Imagine, if you will, poor Prince Charming. Start the action before the ball: He's feeling pressure to get married. Dad's overweight and old, the old man has gout and diabetes, and time is wasting. Charming needs to get married soon, and have kids soon, so that the line of rulers can continue without wrangling over succession once he gets too old to rule.
He has a vision of the right girl--not a purely physical image, for he needs more than looks if he can make it through years of marriage and still be able to stand her. He also has a fear: what if she doesn't like him back?
So he goes to the ball, his hands sweating from nerves. Most of the women just feel wrong. Some fawn over him, and he knows a month of marriage to any number of these would either give him a big fat head or make him gag. But then the image he hopes for steps into the ballroom. She's maybe a little shorter than he'd imagined, but still pretty. Her hands are graceful, and she looks so out of place and timid. She's perfect.
Two hours of absolute bliss follow. She seems to like him, they dance together, they talk together like old friends, and he somehow finds himself sharing his innermost thoughts with her. But then his world is shattered--at the first stroke of midnight, she starts hyperventilating, grabs her purse off the table next to them, and runs off.
He chases after her, but she's in far better shape, and suddenly she's gone, leaving behind a mere slipper.
And now he's stuck. He knows what his ideal is, but she's gone, and he doesn't have a clue how to find her. So he takes the slipper around, spending weeks searching the whole kingdom to find that perfect person for him. Sure, he meets all sorts of other ladies, some of them quite pretty, some of them who even sort of or almost fit the shoe. But he keeps searching, willing to keep looking because he wants the right person, the perfect fit.
So goes the search for a writer's group. There may be any number of groups in your neighborhood. You might have a next door neighbor who belongs to one. But ANY writers group won't work. They are all different, and a writers group that isn't the right fit won't do you any good.
(BTW, this discussion could represent ANY creative group, whether painting, sewing, drawing, manga lovers, etc. I once joined a sewing group, but I was the only one who was sewing clothing--everyone else was quilting. It was not a fit.)
I realized last night, as I visited a local writers group for the fourth or fifth time, that though it was a great group of people, it wasn't the right fit for me. I could attend every single meeting from here to eternity, but it would be like dating the same person week after week, knowing our relationship would not work in the long run.
What do I want in a writer's group? I'm pretty picky, so here's my list:
1. I need other serious writers to attend. By serious, I mean that they write all the time, revise what they write, develop their writing beyond short vignettes. I am perfectly happy if they are better writers than I, so long as they are writing.
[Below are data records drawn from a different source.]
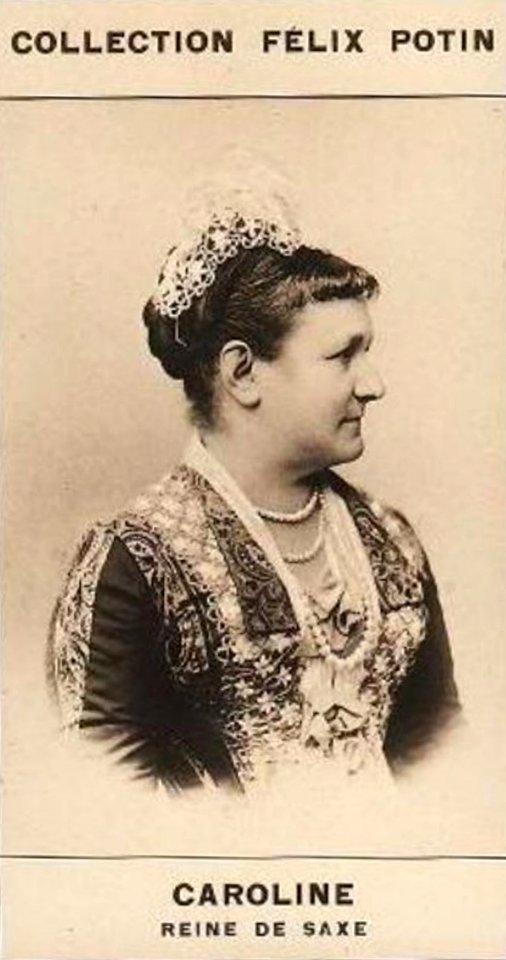 CFP Caroline, reine de Saxe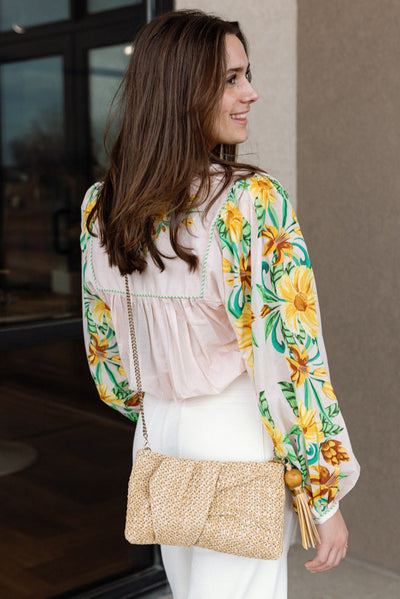 Farm Rio Botanical Beauty Bubble Top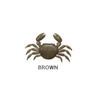 Marukyu Medium Crab Soft Plastic Fishing Lure Brown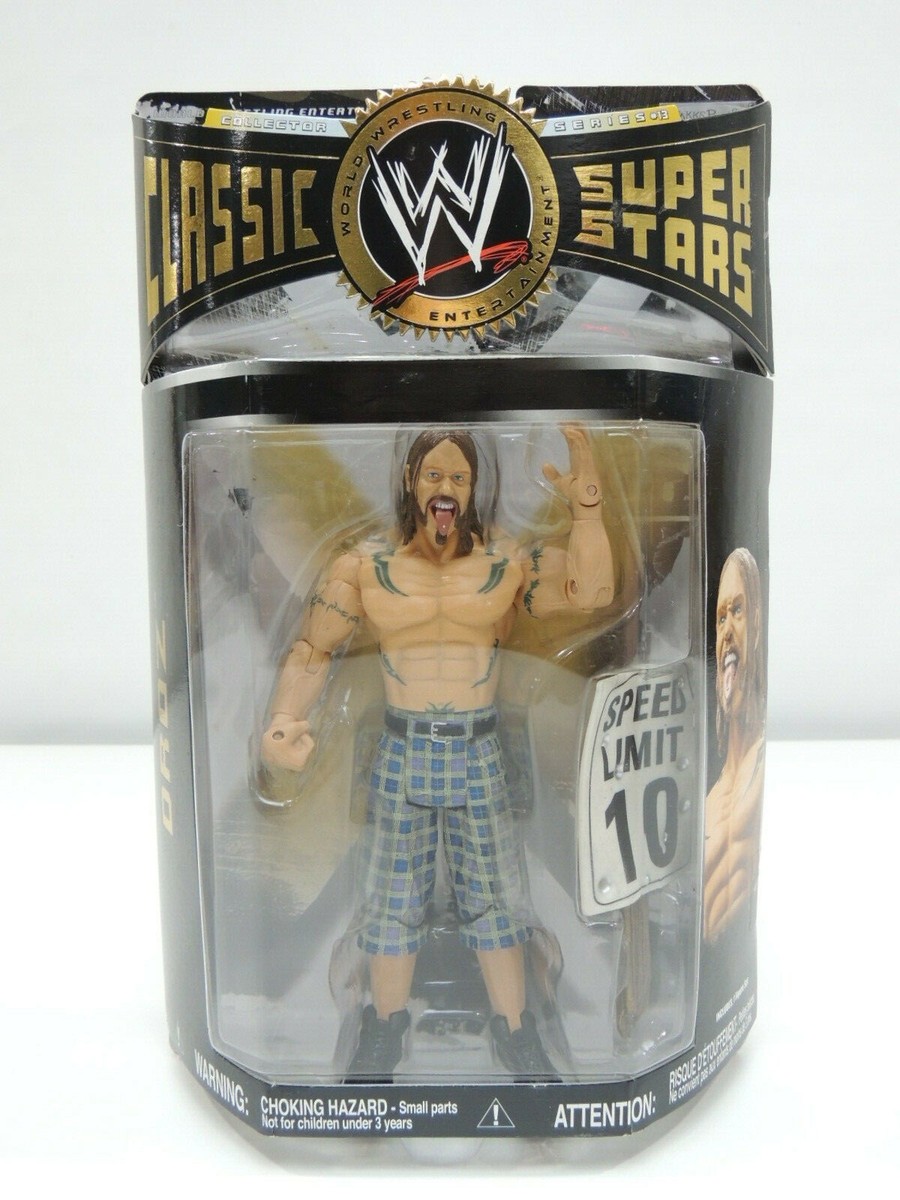 Jakks Pacific WWE WWF WCW Classic Superstars Action Figure Toy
It's kind of like tennis. It's far more fun to play with others who are at or near your skill and commitment level than play with people who are far more or far less skilled. Mismatches are no fun for anybody (except for writers in number 2, below).
2. The writers need to be there for both themselves AND others. Some of the more serious writers are only there as a ego boost, to flaunt their writing in front of other people. These writers take criticism and questions very poorly, and are nearly always silent about other writers' works (unless they open their mouth to say something outright mean). The other writers should be there for feedback, but also be there to help other writers grow. I find that feeling my way through the writings of others makes me better, and I want other members to be just as committed.
3. The group needs to do more than clap. I've been in groups that are only encouraging. And I certainly know that many writers, especially those on the beginning of their writing journey, need encouragement most of all. I don't. I need criticism. I need honesty. I need tough love. If a piece is not good, I need the writer of it to have some clue, and to ask for help. And the others in the group should be honest, without hurting feelings.
4. The group needs to actively encourage further writing. Perhaps it's an assignment for next time. Even better, it's an individual thing--"Now that we've read scenes 1 & 2 of this play, can you bring in scene 3 next time?"--the writers need a reason to come back, some level of continuity. The activity is what matters. I don't need a social group, I need one that inspires me to write more.
5. Writers need to attend consistently. Attendance shows commitment, and it allows writers to bring in novel excerpts, submit plays in chunks, and get feedback on a whole larger work.
Remember, though, these are my stipulations. You may need something completely different. Your slipper might not resemble mine at all. And that is fine. I have only found my perfect kind of group twice, and I would still be attending if these two groups if they weren't thousands of miles away. I have hope, though, that I will find such a group closer to home. I am willing to drive if it means I can find the perfect fit for my slipper.
So I will keep looking, shoe in hand.